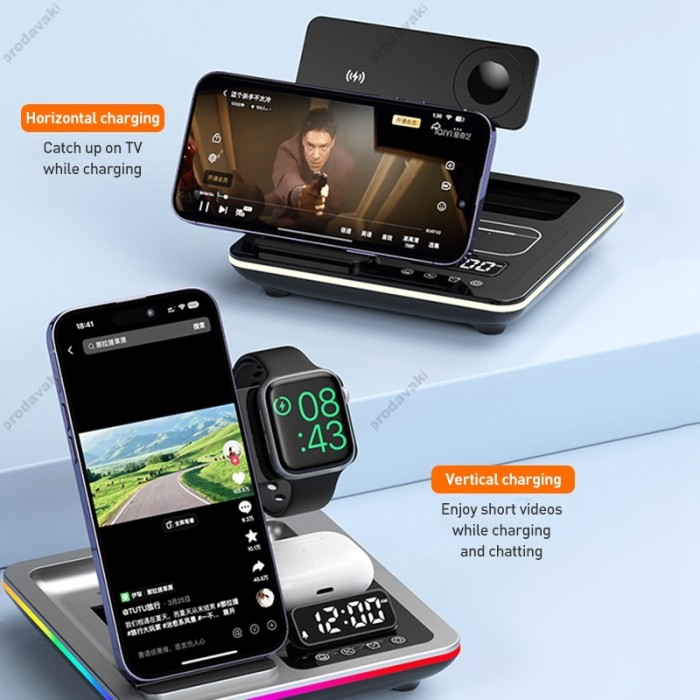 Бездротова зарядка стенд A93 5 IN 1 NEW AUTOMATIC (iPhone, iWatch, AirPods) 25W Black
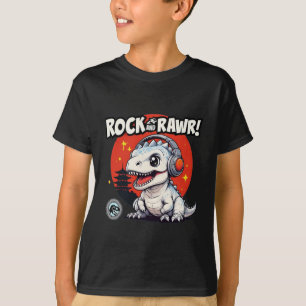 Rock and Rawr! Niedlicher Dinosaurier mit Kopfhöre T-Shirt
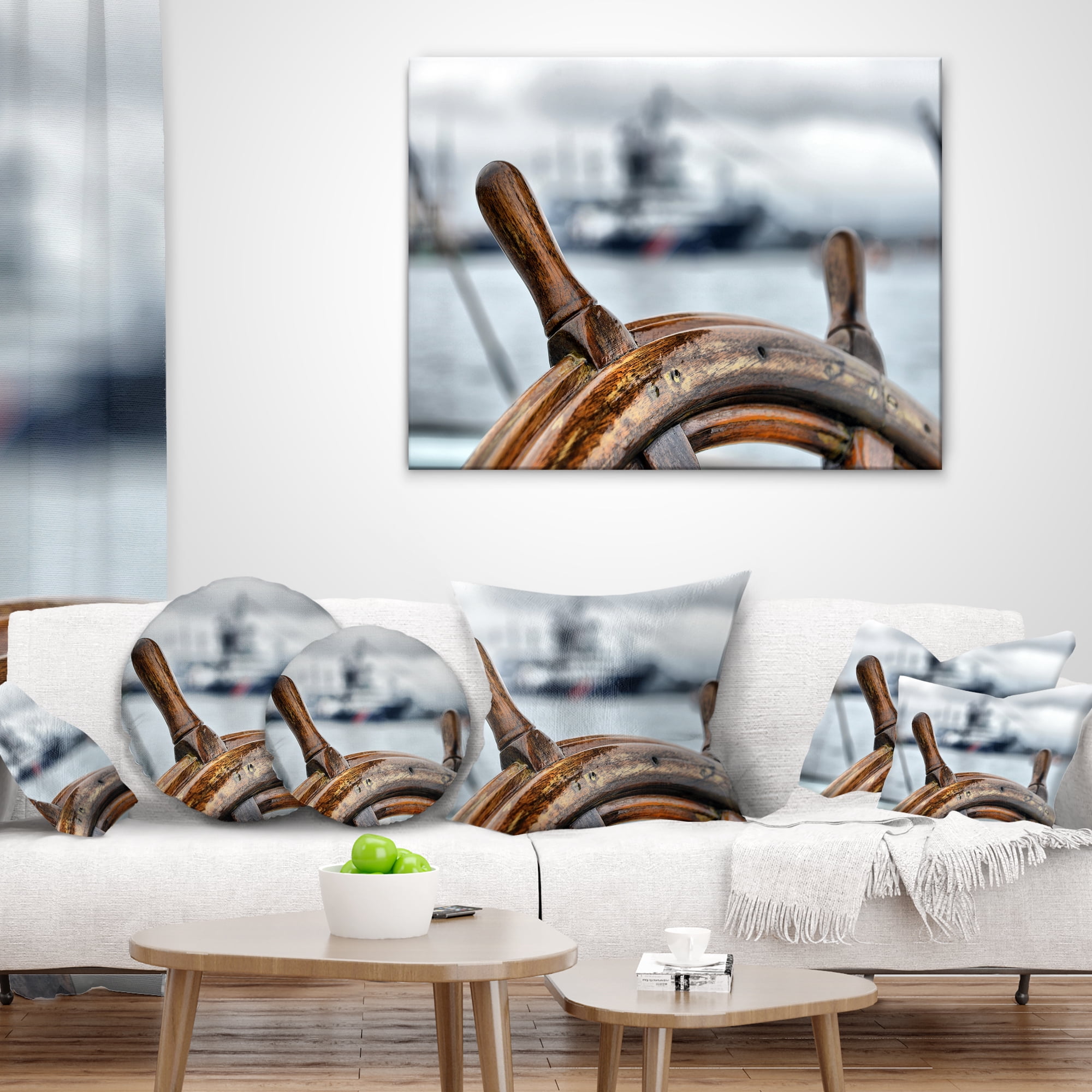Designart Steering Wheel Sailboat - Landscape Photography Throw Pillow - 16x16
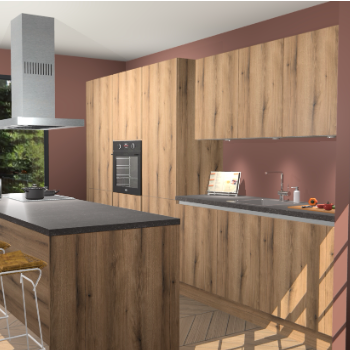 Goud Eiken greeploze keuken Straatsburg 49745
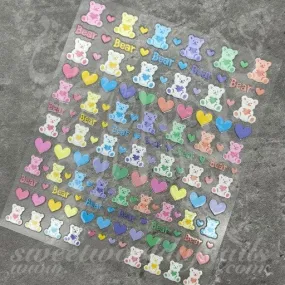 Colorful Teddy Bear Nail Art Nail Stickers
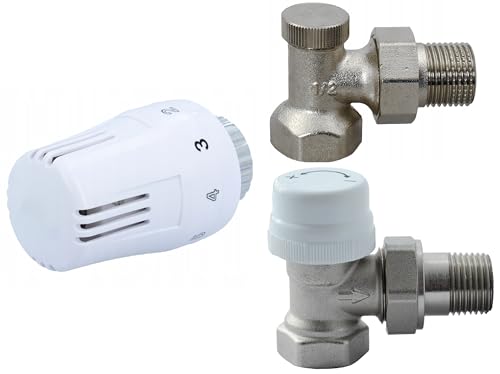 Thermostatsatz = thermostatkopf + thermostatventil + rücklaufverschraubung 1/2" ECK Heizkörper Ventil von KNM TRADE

:::::

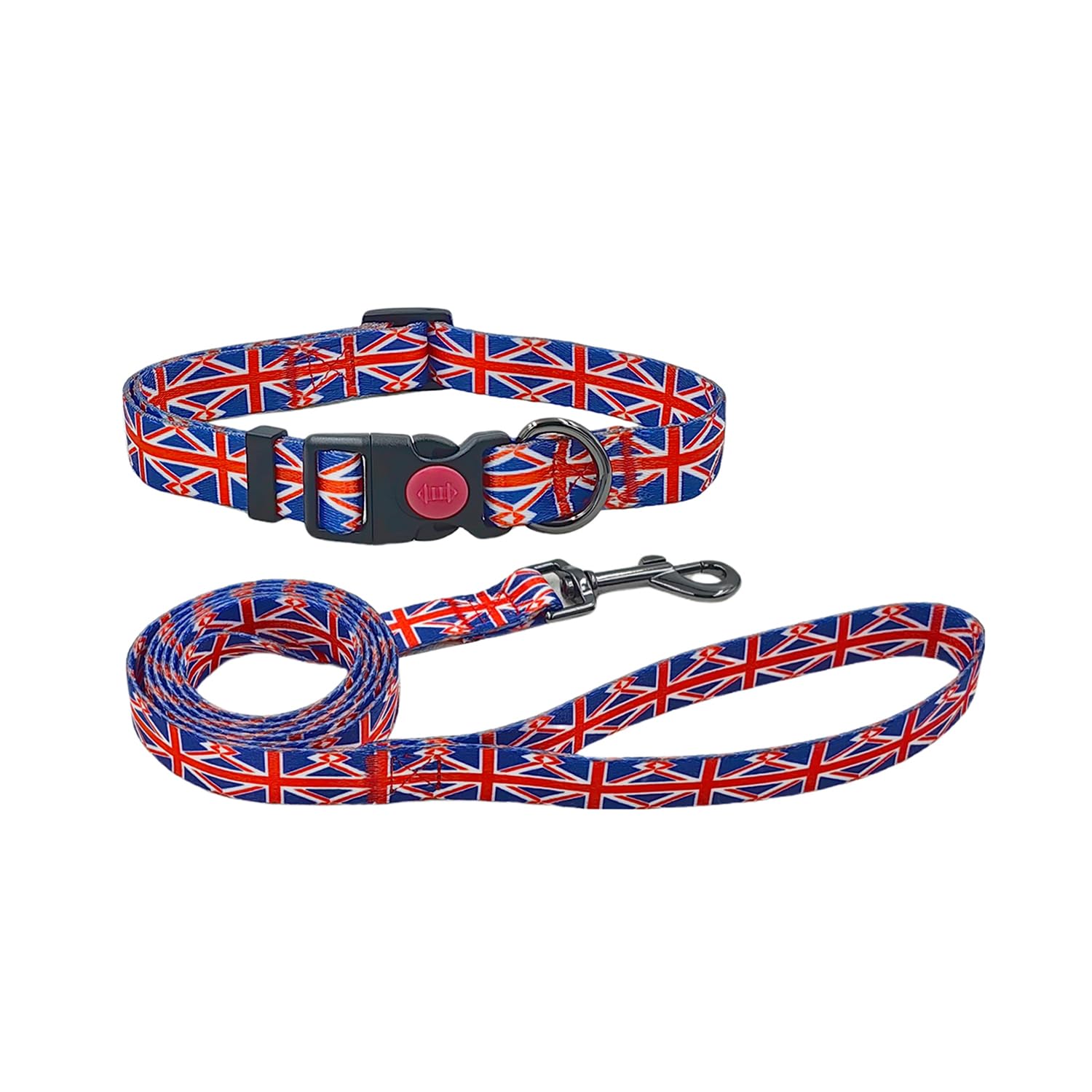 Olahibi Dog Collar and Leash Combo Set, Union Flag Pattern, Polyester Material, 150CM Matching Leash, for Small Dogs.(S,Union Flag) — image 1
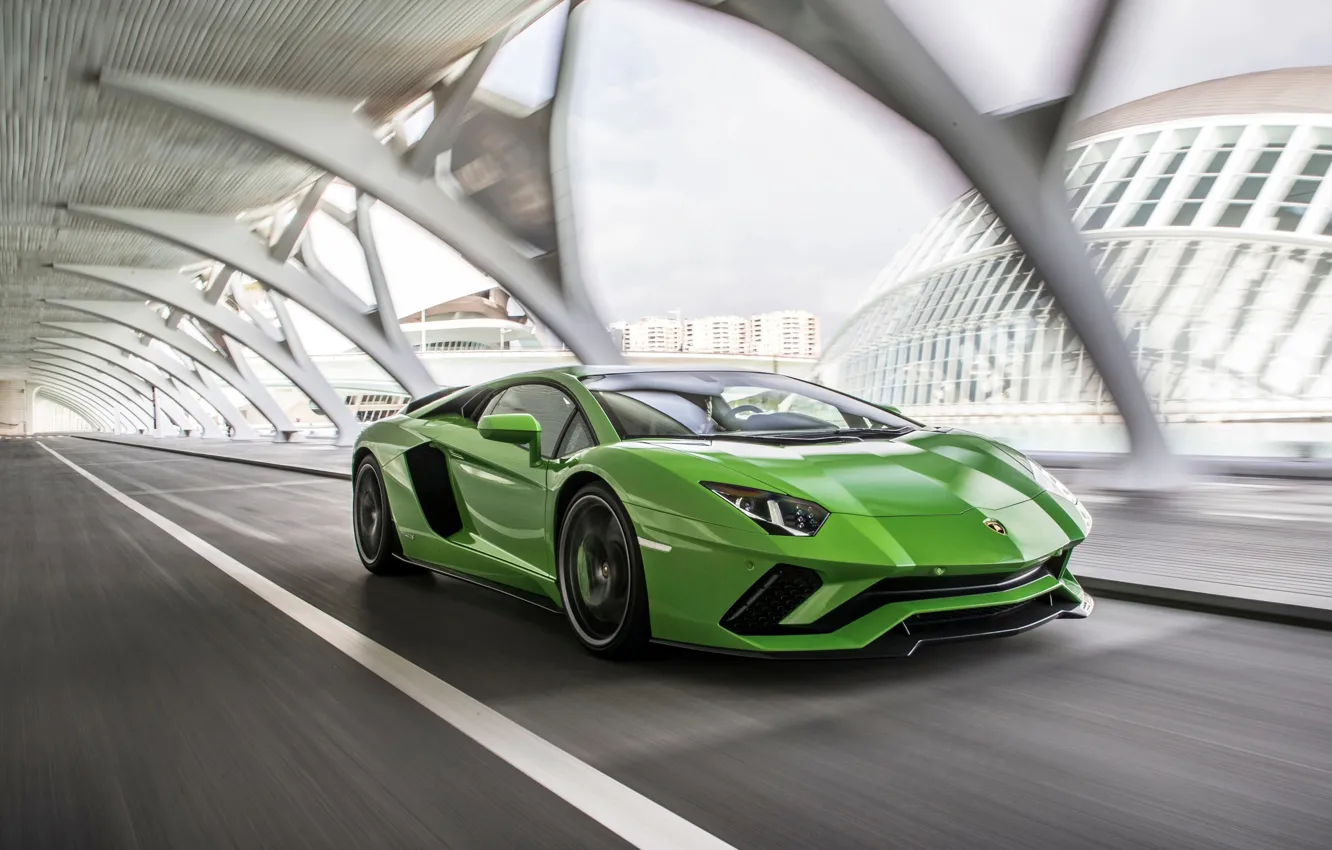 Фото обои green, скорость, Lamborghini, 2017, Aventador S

:::::

#### WHAT YOU HAVE TO DO:
Starting at the line with "Designart Steering Wheel" and finishing at the line with "Colorful Teddy Bear Nail Art Nail Stickers", copy the material above exactly, both lines included. Nothing else goes in, and no pictures.

#### COMPLETED EXERCISE:
Designart Steering Wheel Sailboat - Landscape Photography Throw Pillow - 16x16
 Goud Eiken greeploze keuken Straatsburg 49745
 Colorful Teddy Bear Nail Art Nail Stickers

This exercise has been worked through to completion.